Interview: Fahad Al Khalifa
Do you expect infrastructure financing to continue playing a key part in local financing in 2016?
FAHAD AL KHALIFA: The government has indicated that it remains committed to executing its $200bn development plan, in spite of the reduction in oil prices. Non-essential capital projects will be assessed on their merit, and possibly delayed or scaled back. However, associated 2022 FIFA World Cup projects are most likely to continue as planned.
Therefore, there is no doubt that infrastructure financing will continue to play a key role. The government will spend almost $30bn in 2016. Of course, speed of delivery and efficiency are key, as is risk sharing, and to this extent many will be carried out via public-private partnerships, thereby creating great opportunities for both local and international banks to provide the necessary project financing.
Given that economic diversification is set to play a more crucial role, where do you see the greatest need to further supplement private sector credit?
AL KHALIFA: Qatar’s diversification efforts are paying off, a fact that has recently been praised by Christine Lagarde, managing director of the IMF. Non-hydrocarbons made up 62% of GDP in 2014, and this sector has been growing consistently at 10-11% annually since 2011. The Ministry of Development Planning and Statistics, in its economic outlook 2015-17, has stated that the sector will continue to account for most of the economy’s expansion.
The financial sector plays a pivotal role, not only as one of the sectors leading economic diversification, but also as a pillar for the growth of all other emerging sectors. Qatari banks will continue to uphold their three-fold focus and growth strategy, which involves extending large credit facilities to contractors and companies involved in large infrastructure projects and investments; supporting export-oriented businesses through the provision of export insurance guarantees and financing for companies with cross-border trade activity; and enabling small and medium-sized enterprises (SMEs) – particularly those in trade and high-value industries – to raise funding and obtain financing as they scale up their operations. It is an all-encompassing strategy that covers each facet of economic diversification.
What do you think of the banking sector’s overall efforts to support SMEs in the region?

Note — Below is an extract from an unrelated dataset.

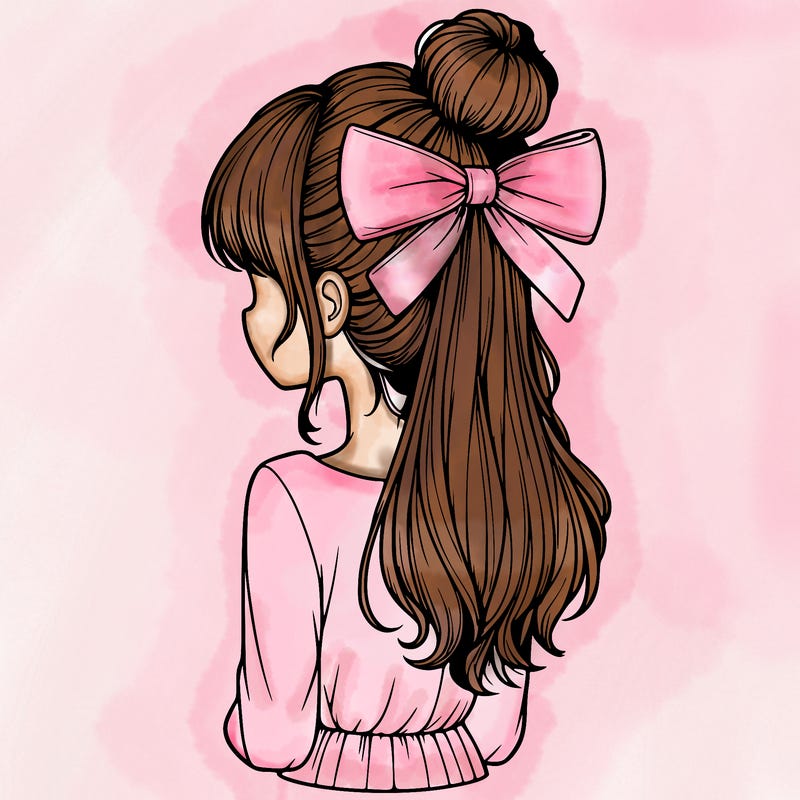 realistic girl  with hip length hair a bun and a big bow on the back of head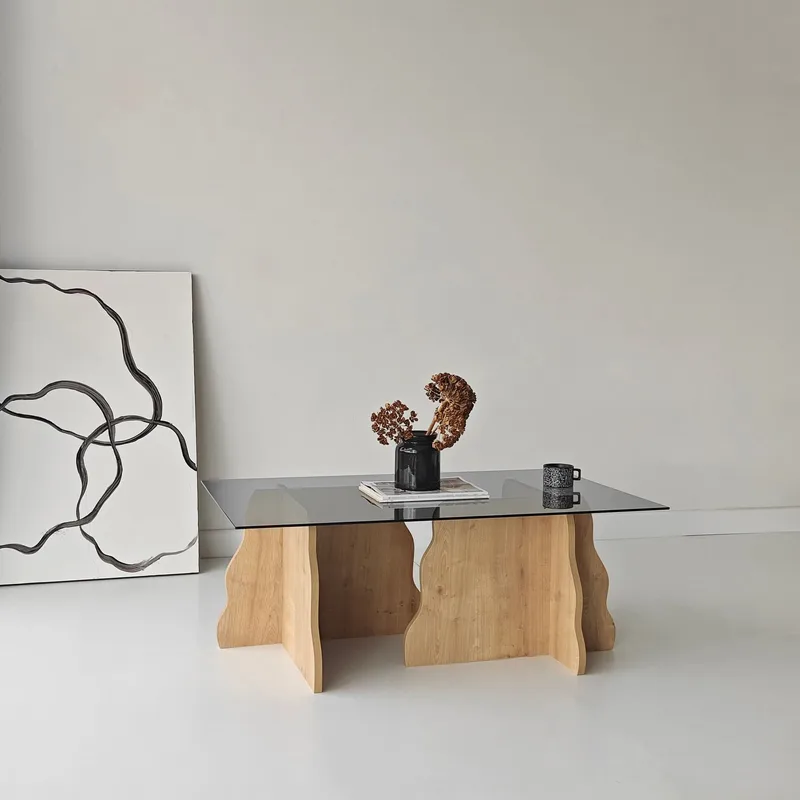 Zevric sofabord 65x105 cm rektangulært glass - Safir Eik og Røkt - Møbler - Bord - Sofabord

AL KHALIFA: SMEs are the bedrock of any successful economy. They innovate and have a big effect on employment and the efficient utilisation of resources. Globally, 90% of businesses are SMEs, generating nearly 80% of job opportunities. In Europe, they account for 85% of all new jobs and 60% of GDP. This is in contrast to the GCC, where SMEs represent 90% of the private sector and 50% of its workforce, but only 40% of GDP. This is because they are concentrated in low-profit, low-tech sectors. Qatar, like its GCC neighbours, has been actively driving a policy of economic diversification for some time, with a view to providing the right foundations for the private sector to develop existing business and for new start ups to move up the value chain and become a more significant contributor to the local economy.
Access to financing is generally perceived as a constraint, mainly owing to the fact that SMEs lack financial information, verifiable credit and business history. However, the funds are there. The question is not if the financing is available, but how to secure it. An SME is different from a large institution in three main aspects: uncertainty, innovation and evolution. The SME needs to present, and communicate, a clear-cut business plan that eliminates or minimises uncertainty, highlights its innovation and explains its evolution. Qatar’s financial institutions tend to be conservative; however, they are fully willing to engage with small business once this knowledge gap is closed.